YOUR OBJECTIVE: The lines below starting at the line containing "View of mute" and ending at the line containing "2019 Ford ALL" are to be repeated exactly, with both ends kept and nothing else added.

RECORDS FOR PROCESSING:
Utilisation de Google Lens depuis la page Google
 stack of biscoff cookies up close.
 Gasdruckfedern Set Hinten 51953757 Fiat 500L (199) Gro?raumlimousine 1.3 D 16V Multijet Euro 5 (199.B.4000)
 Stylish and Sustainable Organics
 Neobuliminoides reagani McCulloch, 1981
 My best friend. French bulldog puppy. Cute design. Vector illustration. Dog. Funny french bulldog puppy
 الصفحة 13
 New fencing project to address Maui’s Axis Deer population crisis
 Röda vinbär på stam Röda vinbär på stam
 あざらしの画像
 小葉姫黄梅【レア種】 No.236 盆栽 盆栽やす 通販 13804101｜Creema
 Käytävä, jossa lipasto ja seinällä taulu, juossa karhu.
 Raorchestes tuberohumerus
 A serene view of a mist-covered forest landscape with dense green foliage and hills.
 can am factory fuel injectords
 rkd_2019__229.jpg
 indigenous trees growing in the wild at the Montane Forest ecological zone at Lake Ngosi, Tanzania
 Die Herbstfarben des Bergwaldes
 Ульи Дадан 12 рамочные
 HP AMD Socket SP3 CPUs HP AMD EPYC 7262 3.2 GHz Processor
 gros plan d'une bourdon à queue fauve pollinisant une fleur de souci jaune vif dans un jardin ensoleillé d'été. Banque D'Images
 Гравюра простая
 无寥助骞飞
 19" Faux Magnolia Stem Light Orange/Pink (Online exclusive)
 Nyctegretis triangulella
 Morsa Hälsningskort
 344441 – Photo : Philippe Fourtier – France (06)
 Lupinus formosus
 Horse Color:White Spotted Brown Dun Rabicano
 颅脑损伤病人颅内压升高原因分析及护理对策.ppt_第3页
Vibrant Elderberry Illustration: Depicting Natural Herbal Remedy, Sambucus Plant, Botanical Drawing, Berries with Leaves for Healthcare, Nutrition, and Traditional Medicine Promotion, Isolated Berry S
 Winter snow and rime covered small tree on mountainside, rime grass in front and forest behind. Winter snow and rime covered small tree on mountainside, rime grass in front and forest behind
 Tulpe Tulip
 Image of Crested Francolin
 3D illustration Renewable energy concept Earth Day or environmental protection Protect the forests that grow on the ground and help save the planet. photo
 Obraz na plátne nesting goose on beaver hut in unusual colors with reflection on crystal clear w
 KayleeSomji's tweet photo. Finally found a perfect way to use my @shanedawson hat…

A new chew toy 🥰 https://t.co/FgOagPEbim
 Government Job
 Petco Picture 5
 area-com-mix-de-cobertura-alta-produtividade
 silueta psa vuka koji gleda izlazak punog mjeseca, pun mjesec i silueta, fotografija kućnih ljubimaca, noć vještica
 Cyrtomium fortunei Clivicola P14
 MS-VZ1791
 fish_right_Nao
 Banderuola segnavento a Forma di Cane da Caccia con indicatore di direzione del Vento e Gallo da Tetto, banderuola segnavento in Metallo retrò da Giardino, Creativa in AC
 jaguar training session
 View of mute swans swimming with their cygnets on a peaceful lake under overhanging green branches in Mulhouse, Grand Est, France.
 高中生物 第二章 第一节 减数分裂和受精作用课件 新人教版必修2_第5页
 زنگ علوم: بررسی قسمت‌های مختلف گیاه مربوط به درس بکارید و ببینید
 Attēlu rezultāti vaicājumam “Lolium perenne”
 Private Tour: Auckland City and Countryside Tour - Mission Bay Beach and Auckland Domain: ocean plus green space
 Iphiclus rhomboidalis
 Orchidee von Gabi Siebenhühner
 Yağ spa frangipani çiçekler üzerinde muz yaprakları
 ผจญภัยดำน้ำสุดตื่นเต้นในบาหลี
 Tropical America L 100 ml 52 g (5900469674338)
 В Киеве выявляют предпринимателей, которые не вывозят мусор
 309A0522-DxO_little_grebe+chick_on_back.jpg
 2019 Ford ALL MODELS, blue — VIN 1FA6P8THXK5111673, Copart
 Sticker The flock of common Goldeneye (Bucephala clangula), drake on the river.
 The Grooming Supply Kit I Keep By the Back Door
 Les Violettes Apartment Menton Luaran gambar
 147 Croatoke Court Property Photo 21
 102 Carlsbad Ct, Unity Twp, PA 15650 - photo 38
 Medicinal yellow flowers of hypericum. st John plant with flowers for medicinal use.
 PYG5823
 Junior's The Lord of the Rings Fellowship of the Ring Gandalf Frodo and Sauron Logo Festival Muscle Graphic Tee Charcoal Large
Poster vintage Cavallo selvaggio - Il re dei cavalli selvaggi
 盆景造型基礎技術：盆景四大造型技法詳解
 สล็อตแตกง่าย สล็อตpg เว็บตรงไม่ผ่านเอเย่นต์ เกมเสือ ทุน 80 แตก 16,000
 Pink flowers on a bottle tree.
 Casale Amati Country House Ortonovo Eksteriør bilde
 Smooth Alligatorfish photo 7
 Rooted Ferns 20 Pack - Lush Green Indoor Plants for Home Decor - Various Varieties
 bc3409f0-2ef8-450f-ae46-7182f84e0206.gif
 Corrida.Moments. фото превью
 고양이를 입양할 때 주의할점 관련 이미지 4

ANSWER TO THIS TASK:
 View of mute swans swimming with their cygnets on a peaceful lake under overhanging green branches in Mulhouse, Grand Est, France.
 高中生物 第二章 第一节 减数分裂和受精作用课件 新人教版必修2_第5页
 زنگ علوم: بررسی قسمت‌های مختلف گیاه مربوط به درس بکارید و ببینید
 Attēlu rezultāti vaicājumam “Lolium perenne”
 Private Tour: Auckland City and Countryside Tour - Mission Bay Beach and Auckland Domain: ocean plus green space
 Iphiclus rhomboidalis
 Orchidee von Gabi Siebenhühner
 Yağ spa frangipani çiçekler üzerinde muz yaprakları
 ผจญภัยดำน้ำสุดตื่นเต้นในบาหลี
 Tropical America L 100 ml 52 g (5900469674338)
 В Киеве выявляют предпринимателей, которые не вывозят мусор
 309A0522-DxO_little_grebe+chick_on_back.jpg
 2019 Ford ALL MODELS, blue — VIN 1FA6P8THXK5111673, Copart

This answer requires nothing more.